> Task directions
If you see a picture in the data below, omit it and copy the rest exactly.

> Data shown
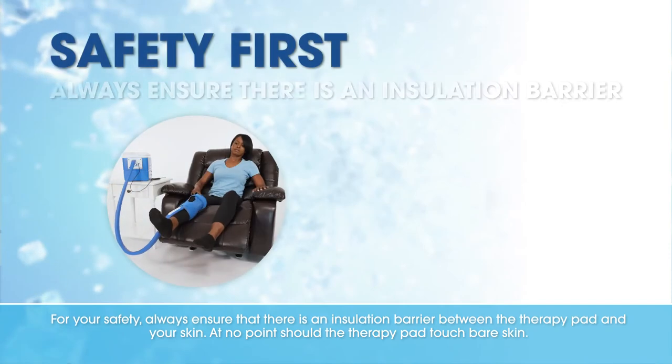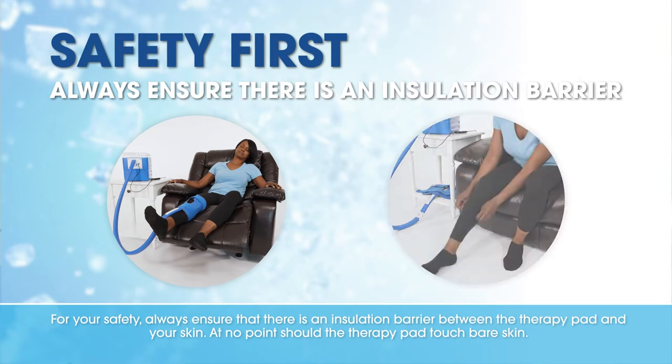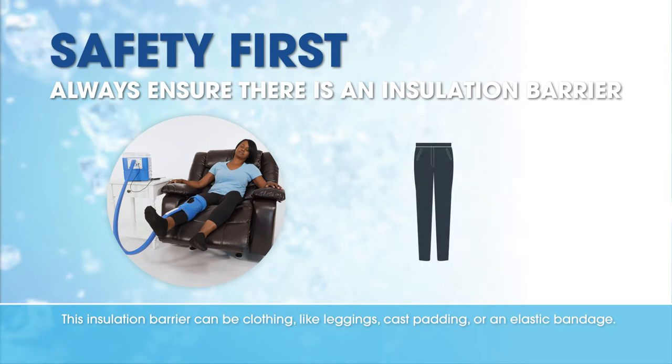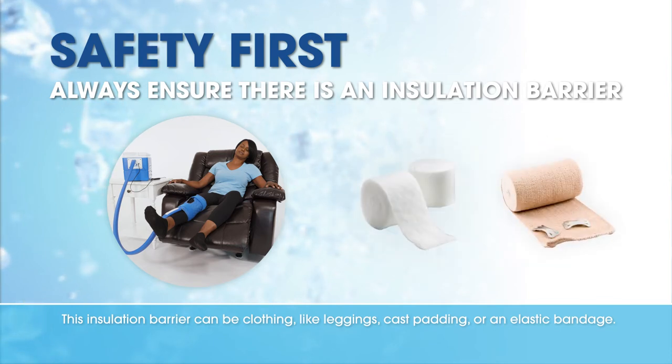For your safety, always ensure there is an insulation barrier between the therapy pad and your skin. At no point should the therapy pad touch bare skin. This insulation barrier can be clothing like leggings, cast padding, or an elastic bandage.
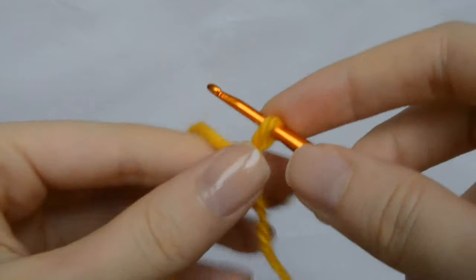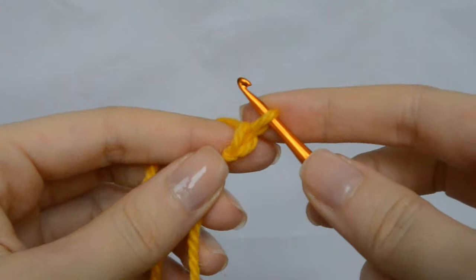Create a loop with the yarn. Be sure that the free end of the yarn is dangling behind your loop. Catch the yarn and pull it back through the loop. One chain stitch is now complete.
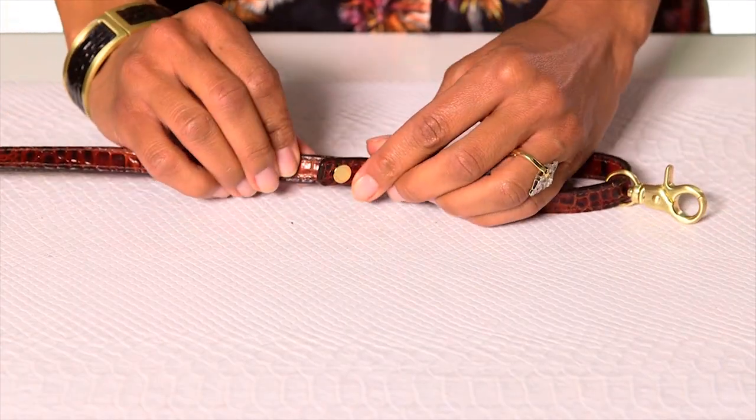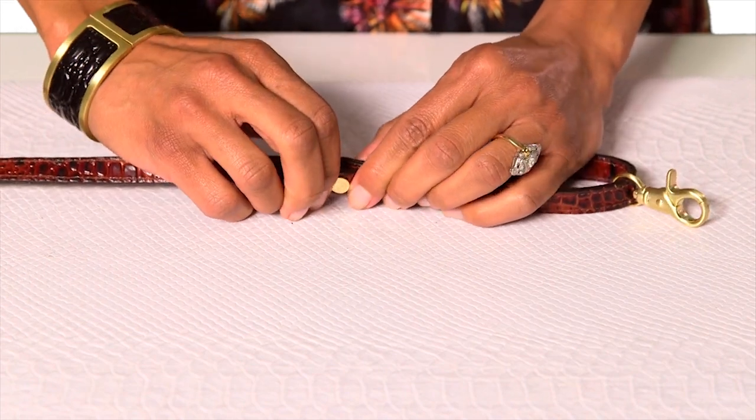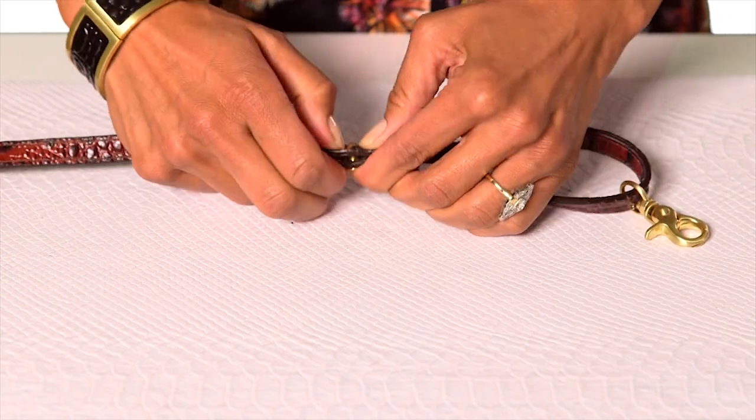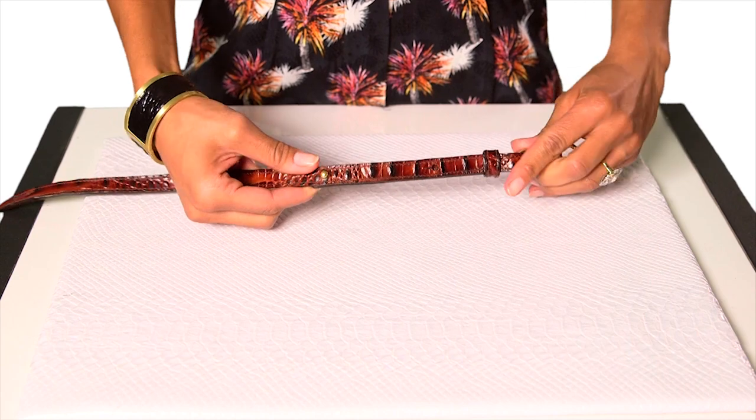Step 3: push the button through the appropriate loophole. Step 4: slide the leather collar back to ensure the straps are secure.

> Exercise result
For your safety, always ensure there is an insulation barrier between the therapy pad and your skin. At no point should the therapy pad touch bare skin. This insulation barrier can be clothing like leggings, cast padding, or an elastic bandage.
Create a loop with the yarn. Be sure that the free end of the yarn is dangling behind your loop. Catch the yarn and pull it back through the loop. One chain stitch is now complete.
Step 3: push the button through the appropriate loophole. Step 4: slide the leather collar back to ensure the straps are secure.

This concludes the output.